China pledged Friday to allow the establishment of privately funded banks run independently from the government, a significant change in the typically State-controlled banking sector.
Private capital will be permitted to establish commercial lenders independent of government control and bailout, the State Council said in a guideline outlining the role of the financial sector in economic restructuring. The guideline did not specify a timeframe or implementation details.
Experts told the Global Times that introducing privately owned banks would not only help to financially support poorly funded domestic entrepreneurs, who are major contributors to the country's economy and job market, but also drive up profitability for banks, which are heavily reliant on preferential policies.
Treated as a lever to control the country's economy, Chinese banks are normally funded and run by the State, Wu Hong, vice president of the China Banking Law Society, told the Global Times.

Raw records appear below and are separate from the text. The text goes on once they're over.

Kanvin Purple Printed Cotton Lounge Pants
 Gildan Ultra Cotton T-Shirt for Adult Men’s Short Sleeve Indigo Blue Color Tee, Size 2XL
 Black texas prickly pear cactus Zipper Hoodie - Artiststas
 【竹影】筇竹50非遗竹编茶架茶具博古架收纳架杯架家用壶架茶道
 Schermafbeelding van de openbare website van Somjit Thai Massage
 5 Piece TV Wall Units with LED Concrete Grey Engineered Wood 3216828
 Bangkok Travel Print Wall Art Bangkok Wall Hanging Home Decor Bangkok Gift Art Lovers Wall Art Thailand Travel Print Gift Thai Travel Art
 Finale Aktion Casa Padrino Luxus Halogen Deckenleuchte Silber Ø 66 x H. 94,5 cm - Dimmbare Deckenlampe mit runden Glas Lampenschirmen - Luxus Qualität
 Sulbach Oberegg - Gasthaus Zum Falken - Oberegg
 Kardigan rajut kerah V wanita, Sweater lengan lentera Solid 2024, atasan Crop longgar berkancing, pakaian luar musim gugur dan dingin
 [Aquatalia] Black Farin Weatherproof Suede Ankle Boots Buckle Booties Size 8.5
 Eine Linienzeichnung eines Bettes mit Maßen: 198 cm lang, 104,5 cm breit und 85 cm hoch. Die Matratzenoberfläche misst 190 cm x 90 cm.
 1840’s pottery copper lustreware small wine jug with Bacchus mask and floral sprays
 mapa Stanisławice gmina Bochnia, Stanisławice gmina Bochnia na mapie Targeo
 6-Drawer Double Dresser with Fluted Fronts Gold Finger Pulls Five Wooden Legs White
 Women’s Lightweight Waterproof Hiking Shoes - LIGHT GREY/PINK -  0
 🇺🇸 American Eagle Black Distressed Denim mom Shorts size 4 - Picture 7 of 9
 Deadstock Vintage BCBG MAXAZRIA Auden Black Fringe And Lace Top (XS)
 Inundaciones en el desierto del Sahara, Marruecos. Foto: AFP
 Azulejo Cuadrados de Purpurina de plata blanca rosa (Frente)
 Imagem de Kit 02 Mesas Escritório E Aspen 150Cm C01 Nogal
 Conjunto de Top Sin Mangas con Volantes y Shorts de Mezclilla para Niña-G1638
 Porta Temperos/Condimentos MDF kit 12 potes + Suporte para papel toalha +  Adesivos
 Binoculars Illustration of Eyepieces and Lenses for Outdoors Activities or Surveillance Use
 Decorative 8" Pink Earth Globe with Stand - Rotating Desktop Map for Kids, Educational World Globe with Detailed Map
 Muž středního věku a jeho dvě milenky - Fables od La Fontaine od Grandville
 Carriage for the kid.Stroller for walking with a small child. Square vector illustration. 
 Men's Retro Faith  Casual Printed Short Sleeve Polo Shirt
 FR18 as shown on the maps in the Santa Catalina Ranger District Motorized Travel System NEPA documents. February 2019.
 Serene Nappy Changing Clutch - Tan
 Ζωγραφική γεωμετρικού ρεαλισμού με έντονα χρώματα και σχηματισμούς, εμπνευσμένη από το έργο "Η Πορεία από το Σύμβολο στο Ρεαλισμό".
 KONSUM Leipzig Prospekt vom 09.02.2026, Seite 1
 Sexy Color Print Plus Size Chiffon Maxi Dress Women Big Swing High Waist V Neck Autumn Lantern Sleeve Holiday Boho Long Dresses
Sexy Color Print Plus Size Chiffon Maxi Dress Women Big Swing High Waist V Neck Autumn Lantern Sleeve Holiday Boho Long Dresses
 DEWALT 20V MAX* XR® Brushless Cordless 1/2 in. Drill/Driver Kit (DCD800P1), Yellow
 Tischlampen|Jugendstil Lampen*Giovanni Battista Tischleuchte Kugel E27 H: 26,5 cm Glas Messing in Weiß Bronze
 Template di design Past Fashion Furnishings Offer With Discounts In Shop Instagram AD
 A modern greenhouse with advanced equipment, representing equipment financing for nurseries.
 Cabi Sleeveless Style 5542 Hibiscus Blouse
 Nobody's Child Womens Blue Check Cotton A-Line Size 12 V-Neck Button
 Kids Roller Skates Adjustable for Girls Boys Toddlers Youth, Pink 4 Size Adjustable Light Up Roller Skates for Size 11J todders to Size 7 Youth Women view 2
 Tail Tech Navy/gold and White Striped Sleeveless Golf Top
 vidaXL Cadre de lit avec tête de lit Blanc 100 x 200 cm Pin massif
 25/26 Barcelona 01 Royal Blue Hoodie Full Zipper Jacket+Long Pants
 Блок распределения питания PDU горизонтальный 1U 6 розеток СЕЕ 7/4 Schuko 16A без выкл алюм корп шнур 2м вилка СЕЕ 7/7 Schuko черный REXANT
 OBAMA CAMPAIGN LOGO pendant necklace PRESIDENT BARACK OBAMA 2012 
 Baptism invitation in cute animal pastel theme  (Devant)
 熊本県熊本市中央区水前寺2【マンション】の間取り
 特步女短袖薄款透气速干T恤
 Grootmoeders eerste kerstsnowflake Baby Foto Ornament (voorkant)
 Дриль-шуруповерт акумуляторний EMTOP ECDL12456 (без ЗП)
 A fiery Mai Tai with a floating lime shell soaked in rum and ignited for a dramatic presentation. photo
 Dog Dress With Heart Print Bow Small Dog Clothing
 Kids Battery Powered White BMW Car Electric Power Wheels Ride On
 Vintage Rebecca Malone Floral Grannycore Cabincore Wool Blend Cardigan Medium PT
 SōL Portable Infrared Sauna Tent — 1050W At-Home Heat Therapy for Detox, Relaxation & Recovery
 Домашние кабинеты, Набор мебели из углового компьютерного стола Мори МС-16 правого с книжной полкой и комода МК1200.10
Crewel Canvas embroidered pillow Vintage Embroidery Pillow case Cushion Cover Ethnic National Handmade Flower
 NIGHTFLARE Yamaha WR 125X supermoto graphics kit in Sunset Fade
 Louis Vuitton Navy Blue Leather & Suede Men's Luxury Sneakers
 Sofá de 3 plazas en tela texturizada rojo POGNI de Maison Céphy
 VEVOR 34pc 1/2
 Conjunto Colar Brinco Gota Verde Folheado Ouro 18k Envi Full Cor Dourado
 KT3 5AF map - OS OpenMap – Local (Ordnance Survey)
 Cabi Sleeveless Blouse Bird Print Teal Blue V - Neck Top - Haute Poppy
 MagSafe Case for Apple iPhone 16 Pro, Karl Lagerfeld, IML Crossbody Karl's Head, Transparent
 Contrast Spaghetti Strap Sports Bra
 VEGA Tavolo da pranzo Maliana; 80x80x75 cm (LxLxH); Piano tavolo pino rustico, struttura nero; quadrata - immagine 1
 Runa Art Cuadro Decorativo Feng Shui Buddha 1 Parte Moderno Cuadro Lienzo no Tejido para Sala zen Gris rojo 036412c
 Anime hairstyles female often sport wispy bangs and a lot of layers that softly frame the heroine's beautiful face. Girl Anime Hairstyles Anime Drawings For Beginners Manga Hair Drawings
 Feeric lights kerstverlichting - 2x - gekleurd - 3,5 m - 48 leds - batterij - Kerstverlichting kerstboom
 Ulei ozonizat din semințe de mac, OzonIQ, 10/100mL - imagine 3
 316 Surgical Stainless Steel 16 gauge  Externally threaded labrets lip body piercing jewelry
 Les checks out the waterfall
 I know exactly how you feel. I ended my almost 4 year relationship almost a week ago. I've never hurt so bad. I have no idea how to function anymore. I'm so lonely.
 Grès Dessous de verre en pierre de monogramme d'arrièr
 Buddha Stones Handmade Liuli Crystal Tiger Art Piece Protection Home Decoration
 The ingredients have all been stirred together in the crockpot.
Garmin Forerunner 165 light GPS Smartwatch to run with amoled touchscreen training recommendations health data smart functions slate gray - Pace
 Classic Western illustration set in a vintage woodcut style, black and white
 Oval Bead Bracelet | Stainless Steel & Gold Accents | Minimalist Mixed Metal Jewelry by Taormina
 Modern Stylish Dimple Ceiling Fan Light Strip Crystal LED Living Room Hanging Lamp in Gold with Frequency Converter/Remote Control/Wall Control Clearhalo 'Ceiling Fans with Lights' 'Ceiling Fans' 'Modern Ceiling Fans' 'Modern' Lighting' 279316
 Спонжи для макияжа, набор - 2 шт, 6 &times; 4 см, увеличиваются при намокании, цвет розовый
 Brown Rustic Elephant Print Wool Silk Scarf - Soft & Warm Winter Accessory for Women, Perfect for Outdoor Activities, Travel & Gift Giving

Among the 17 national commercial lenders in China, only Minsheng Banking Corp is mostly funded by private capital and run independently, while the others are controlled by either the central government or local governments.
The State-dominated banking sector has tended to lend its government-limited credit to either State-owned enterprises or politically favored projects such as infrastructure construction, rather than to credit-starved private firms, especially risky small and medium-sized enterprises (SMEs), Wu explained. "The upcoming move will work to channel more credit to productive but little-funded manufacturing activities, a positive signal to the country's economy, which has suffered capital misallocation."
Yu Fenghui, a senior officer from Agricultural Bank of China, offered another perspective. Yu told the Global Times that the inflow of private banks will encourage national commercial lenders, who are profiting heavily off the spread of lending and deposit rates, to diversify and improve their services to secure high-profit customers.
Minsheng, the country's only private commercial lender with a nationwide business, was established in January 1996 and has long been devoted to offering loans to SMEs seeking funding between 500,000 yuan ($81,450) and 5 million yuan.
Minsheng's revenue from the spread of lending and deposit rates accounted for 74.83 percent of its year-on-year revenue growth last year, lower than any other national commercial lender, according to the company.
China's eastern city of Wenzhou, the country's hub of private industry, was allowed to bring more private capital to the local financial sector as early as March 2012 as part of financial reform trials in the region.
The private capital came to as much as 84.6 percent of the overall banking assets in Wenzhou by the end of last year, according to figures from the local branch of the China Banking Regulatory Commission.
Expanding the initiative nationwide will pave the way for the reform of the country's banking sector, Yu said.
To support the setup of privately owned banks, Wu suggested that the country should not only bring interest rates and other areas of banking under market control to allow private banks to compete with State-owned peers on a level footing, but also accelerate its steps toward a deposit insurance system, which could help protect depositors' money in the event of bank insolvency.